在python中如何处理可变类属性

Question

我正在执行以下Python代码：

class Pet :
    kind = 'dog'    # class variable shared by all instances
    tricks = []

    def __init__(self, name) :
        self.name = name # instance variable unique to each instance
    def changePet(self, newPet) :
        self.kind = newPet
    def addTricks(self, tricks) :
        self.tricks.append(tricks)

pet1 = Pet('mypet')
pet2 = Pet('yourpet')
print 'pet1 kind ::: ', pet1.kind;print 'pet2 kind ::: ', pet2.kind
print 'pet1 name ::: ', pet1.name;print 'pet2 name ::: ', pet2.name

Pet.kind = 'cat'
print 'changed Pet.kind to cat'
print 'pet1 kind ::: ', pet1.kind;print 'pet2 kind ::: ', pet2.kind

#changing pet#1 kind does not change pet#2 kind
pet1.changePet('parrot')
print 'changed pet1.kind to parrot'
print 'pet1 kind ::: ', pet1.kind;print 'pet2 kind ::: ', pet2.kind

pet1.addTricks('imitate')
pet2.addTricks('roll over')
print 'pet1 tricks ::: ', pet1.tricks;print 'pet2 tricks ::: ', pet2.tricks

print Pet.__dict__
print pet1.__dict__
print pet2.__dict__

输出是根据我在互联网上找到的解释。
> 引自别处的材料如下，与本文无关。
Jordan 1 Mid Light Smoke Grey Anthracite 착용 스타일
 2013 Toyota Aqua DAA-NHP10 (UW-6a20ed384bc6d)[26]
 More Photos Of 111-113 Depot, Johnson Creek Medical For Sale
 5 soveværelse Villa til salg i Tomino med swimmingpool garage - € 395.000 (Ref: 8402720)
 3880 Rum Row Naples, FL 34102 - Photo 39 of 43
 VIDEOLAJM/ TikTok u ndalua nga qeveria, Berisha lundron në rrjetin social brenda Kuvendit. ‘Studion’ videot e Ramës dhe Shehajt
输出如下

pet1 kind :::  dog
pet2 kind :::  dog
pet1 name :::  mypet
pet2 name :::  yourpet
changed Pet.kind to cat
pet1 kind :::  cat
pet2 kind :::  cat
changed pet1.kind to parrot
pet1 kind :::  parrot
pet2 kind :::  cat
pet1 tricks :::  ['imitate', 'roll over']
pet2 tricks :::  ['imitate', 'roll over']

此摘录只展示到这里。